Problem to solve: Where the line containing "2022 Ford Edge SE" appears, end your copy; everything from the first line of the records below up to and including it must be reproduced exactly.

--- Data Enclosed Below ---

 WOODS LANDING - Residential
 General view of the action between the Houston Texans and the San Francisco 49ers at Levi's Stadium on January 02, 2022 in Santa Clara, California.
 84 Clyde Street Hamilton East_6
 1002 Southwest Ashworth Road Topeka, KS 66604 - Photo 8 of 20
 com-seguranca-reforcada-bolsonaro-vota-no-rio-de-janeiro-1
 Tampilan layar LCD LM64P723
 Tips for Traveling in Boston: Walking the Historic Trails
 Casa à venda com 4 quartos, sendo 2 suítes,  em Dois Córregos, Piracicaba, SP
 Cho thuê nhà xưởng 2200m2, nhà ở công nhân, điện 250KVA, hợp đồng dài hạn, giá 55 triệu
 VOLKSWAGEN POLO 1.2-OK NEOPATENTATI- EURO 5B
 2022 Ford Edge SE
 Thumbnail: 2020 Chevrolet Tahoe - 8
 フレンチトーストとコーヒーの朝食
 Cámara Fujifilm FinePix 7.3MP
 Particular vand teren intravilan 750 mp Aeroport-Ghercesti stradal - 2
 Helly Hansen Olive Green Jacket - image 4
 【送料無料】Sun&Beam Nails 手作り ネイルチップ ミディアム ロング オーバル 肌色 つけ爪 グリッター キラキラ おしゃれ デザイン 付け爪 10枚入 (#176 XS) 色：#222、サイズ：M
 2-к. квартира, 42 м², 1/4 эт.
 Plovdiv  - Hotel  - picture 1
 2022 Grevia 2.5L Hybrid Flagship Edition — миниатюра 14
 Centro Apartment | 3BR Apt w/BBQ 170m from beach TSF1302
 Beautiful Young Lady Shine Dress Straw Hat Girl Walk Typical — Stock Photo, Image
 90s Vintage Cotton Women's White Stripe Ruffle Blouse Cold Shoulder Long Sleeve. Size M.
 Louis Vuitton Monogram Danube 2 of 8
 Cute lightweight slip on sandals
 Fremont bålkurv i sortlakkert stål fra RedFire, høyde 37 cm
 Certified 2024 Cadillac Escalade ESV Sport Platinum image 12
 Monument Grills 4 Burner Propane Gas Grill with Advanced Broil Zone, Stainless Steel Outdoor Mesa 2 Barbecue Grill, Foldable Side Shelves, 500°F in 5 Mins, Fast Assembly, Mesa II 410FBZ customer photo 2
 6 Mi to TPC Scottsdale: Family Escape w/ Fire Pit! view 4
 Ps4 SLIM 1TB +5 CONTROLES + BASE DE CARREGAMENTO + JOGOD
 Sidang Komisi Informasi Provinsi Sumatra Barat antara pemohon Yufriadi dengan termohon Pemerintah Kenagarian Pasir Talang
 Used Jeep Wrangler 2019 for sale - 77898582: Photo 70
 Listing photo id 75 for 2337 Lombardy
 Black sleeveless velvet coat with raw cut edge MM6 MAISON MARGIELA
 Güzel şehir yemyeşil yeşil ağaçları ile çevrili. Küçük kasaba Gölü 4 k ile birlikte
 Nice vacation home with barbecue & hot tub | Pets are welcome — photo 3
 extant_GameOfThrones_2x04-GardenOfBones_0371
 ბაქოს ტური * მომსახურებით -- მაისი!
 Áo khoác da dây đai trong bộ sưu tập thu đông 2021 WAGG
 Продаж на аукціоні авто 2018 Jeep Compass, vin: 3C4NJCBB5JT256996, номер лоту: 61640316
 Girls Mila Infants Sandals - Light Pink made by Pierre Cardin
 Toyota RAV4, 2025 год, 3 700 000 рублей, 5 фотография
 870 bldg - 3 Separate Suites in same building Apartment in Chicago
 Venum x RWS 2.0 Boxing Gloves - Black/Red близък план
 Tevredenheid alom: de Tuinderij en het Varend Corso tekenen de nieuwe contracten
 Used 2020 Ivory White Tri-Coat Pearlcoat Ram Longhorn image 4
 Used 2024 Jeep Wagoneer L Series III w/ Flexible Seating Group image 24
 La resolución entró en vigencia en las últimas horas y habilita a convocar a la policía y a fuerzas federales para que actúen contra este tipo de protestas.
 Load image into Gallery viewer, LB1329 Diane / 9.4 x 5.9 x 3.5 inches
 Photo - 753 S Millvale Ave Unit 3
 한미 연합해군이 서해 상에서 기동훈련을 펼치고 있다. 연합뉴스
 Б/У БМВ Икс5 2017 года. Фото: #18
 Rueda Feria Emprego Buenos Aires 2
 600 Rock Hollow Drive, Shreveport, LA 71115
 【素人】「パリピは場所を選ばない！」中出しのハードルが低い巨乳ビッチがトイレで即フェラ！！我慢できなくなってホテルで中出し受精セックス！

--- End of Enclosed Data ---

Answer space:
 WOODS LANDING - Residential
 General view of the action between the Houston Texans and the San Francisco 49ers at Levi's Stadium on January 02, 2022 in Santa Clara, California.
 84 Clyde Street Hamilton East_6
 1002 Southwest Ashworth Road Topeka, KS 66604 - Photo 8 of 20
 com-seguranca-reforcada-bolsonaro-vota-no-rio-de-janeiro-1
 Tampilan layar LCD LM64P723
 Tips for Traveling in Boston: Walking the Historic Trails
 Casa à venda com 4 quartos, sendo 2 suítes,  em Dois Córregos, Piracicaba, SP
 Cho thuê nhà xưởng 2200m2, nhà ở công nhân, điện 250KVA, hợp đồng dài hạn, giá 55 triệu
 VOLKSWAGEN POLO 1.2-OK NEOPATENTATI- EURO 5B
 2022 Ford Edge SE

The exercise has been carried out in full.